** Goal of the exercise **
What you return should match the data below exactly, with no pictures in it.

[Data section — start]

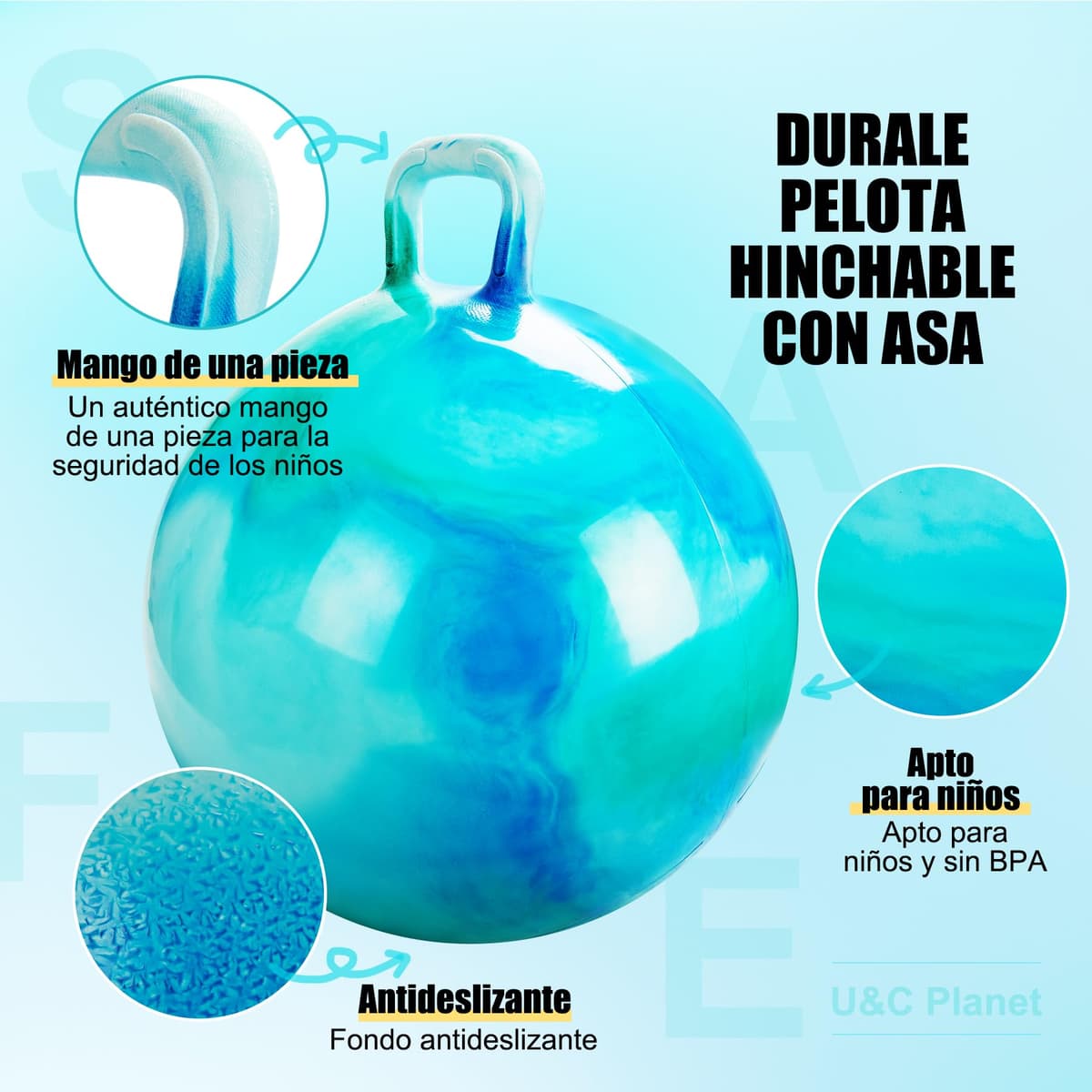 U&C Planet Balones Saltadores 45 cm Pelota de Salto para Niños 3-6 Pelota de Saltar Hinchable con Bomba Apto para Uso en Interiores y Exteriores Regalo Ideal — view 4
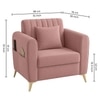Daraco Velvet 1 Seater Sofa in Pink Color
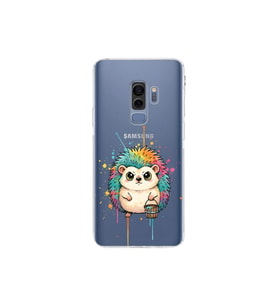 Samsung Galaxy S9 Plus ile Uyumlu Splash Kirpi Tasarımlı Şeffaf Silikon Kılıf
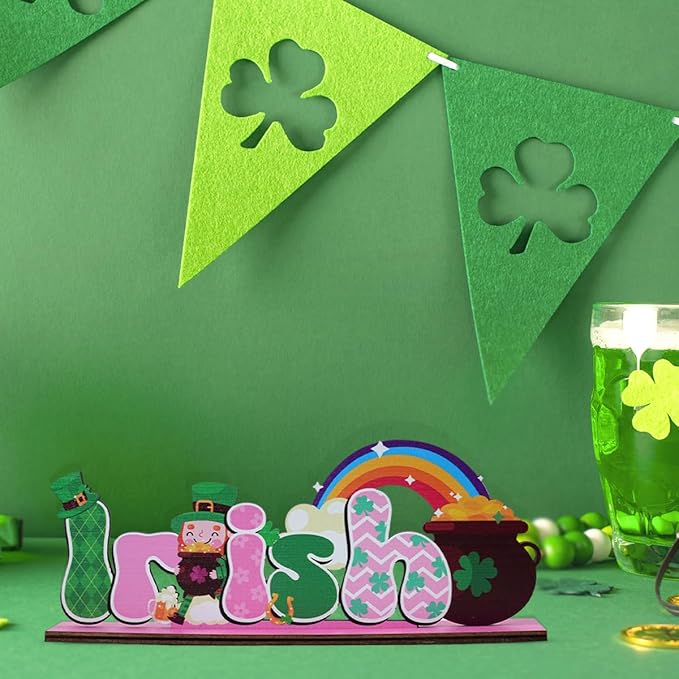 St Patricks Day Decor for Table Irish Themed Decoration Wooden Centerpieces Rustic Farmhouse Sign for Tabletop Home Shelf Office St Patricks Day Party Decoration Pink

[Data section — finish]

** Task response **
 U&C Planet Balones Saltadores 45 cm Pelota de Salto para Niños 3-6 Pelota de Saltar Hinchable con Bomba Apto para Uso en Interiores y Exteriores Regalo Ideal — view 4
Daraco Velvet 1 Seater Sofa in Pink Color
 Samsung Galaxy S9 Plus ile Uyumlu Splash Kirpi Tasarımlı Şeffaf Silikon Kılıf
 St Patricks Day Decor for Table Irish Themed Decoration Wooden Centerpieces Rustic Farmhouse Sign for Tabletop Home Shelf Office St Patricks Day Party Decoration Pink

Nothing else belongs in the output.